Así es la poesía de esta autora perdurable, fiel a su vocación silenciosa de intuir hasta el fondo de los azules de la Patria —entre los que sabe entrever, como muy pocos poetas, sus atisbos no sólo líricos—, la que le ha inspirado textos memorables (“Ay, Cuba, Cuba…’’, “Los soñeras» y “Décimas» dedicados a Guillen y Feijóo, respectivamente— «Tercetos informales» y otros que asumen las honduras esenciales, las misteriosas apariciones reveladoras de las confirmables apariencias que, a su vez, develan el rostro deslumbrante de la Isla que la enamora desde una cubanidad insoslayable, traducida no sólo en sus versos expresamente dirigidos a Cuba, sino también en los que pueden parecer “lejanos” a temática tan deficitaria y significativa en su poética.
“Desconfía del menguado / que te dice que la palma / es cosa para las almas / de postal”, escribe en sus “Décimas” como corroborando su raigal cubanía que va mucho más allá de lo exterior porque se afinca en el amor a Martí, la Naturaleza —fuente de inspiración moral permanente, eticidad única— y nuestra cuitara (ver sus diversos poemas sobre el danzón, la trova, Barbarito Diez, Esther Borja, el Trío Matamoros y Benny Moré, así como las referencias constantes a poetas del siglo XlX: Martí —presencia mayor—, Plácido, Milanés…)
Sólo la poesía tiene el secreto de la fidelidad al ser y saber atravesar las lindes sin destruirlas, como la luz al cristal, afirma Fina en su ensayo “Hablar de la poesía”, suerte de arte poética y más, donde no sólo define su visión personal de aquella, sino que ofrece un breve haz de páginas que viviseccionan si oficio de poeta y la propia Poesía, desde su valiosa pupila crítica que le ha valido títulos donde analiza, con no menor brillantez, a figuras como Martí, Lezama, Mirta Aguirre, Eliseo y Escardó, por sólo recordar algunos ensayos que prefiero, sin olvidar estadios sobre Juana Borrero, Bécquer, Sor Juana Inés de la Cruz y otros.
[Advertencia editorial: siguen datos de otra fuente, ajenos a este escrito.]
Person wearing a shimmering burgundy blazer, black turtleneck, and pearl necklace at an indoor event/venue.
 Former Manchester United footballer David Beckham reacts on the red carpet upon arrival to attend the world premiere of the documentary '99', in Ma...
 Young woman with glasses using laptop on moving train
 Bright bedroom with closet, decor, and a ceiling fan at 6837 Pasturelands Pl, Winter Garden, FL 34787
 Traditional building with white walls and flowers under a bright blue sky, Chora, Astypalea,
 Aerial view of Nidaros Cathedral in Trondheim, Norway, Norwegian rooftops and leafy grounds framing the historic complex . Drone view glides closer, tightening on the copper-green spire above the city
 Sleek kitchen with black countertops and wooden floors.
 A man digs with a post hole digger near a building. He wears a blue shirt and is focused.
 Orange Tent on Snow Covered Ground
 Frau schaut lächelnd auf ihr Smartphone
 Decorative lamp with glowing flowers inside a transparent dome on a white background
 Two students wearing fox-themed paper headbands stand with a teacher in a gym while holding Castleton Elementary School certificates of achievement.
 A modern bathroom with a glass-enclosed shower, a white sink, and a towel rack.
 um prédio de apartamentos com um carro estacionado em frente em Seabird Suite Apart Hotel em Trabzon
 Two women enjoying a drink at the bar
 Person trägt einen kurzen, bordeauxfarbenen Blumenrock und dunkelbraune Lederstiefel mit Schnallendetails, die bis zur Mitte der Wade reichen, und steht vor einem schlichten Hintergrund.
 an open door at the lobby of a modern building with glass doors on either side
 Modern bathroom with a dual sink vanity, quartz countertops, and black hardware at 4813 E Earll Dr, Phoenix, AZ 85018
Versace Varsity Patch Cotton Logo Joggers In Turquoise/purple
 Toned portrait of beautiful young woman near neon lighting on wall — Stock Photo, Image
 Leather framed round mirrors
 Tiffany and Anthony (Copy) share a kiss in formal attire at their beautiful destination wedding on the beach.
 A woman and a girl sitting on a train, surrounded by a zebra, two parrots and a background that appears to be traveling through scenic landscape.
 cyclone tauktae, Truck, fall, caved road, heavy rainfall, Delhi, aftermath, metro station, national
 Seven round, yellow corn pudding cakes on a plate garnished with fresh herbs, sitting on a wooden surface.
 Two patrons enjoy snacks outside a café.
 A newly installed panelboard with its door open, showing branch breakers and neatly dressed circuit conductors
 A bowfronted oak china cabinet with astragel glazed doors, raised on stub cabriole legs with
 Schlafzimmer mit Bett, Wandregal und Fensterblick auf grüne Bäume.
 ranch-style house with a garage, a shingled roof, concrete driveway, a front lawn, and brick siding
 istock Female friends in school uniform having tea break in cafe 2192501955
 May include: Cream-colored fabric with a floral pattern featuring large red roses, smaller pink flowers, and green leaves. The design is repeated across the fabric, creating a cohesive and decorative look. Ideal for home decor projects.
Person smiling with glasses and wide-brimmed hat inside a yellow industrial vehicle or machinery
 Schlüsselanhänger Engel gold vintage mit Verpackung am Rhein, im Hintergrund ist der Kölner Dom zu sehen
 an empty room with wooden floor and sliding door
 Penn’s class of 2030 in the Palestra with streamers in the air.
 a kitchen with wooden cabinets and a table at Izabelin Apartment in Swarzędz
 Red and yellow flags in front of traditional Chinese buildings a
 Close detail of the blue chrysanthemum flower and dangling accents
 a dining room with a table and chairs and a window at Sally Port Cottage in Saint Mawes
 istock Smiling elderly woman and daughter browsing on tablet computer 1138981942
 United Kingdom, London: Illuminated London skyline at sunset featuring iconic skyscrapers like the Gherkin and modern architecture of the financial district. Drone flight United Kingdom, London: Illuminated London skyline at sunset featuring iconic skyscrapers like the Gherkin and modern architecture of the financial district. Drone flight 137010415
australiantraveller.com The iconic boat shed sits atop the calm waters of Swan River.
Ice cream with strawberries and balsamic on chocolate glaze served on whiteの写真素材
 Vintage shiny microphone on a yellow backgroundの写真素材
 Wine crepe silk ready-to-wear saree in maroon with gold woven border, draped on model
Por esa fidelidad al ser y saber atravesar las lindes de la poesía y la vida (la poesía de la vida y la vida de la poesía) sin destruirlas, sino blandiéndolas como las más altas banderas, Fina García Marruz ha sabido aprehender y aprender el secreto de la vida, revelado a ella en su hermosa obra poética, ya parte indudable de nuestro patrimonio.
[1] Publicado en BOHEMIA, edición 52, del 28 de diciembre de 1990, páginas 15-17.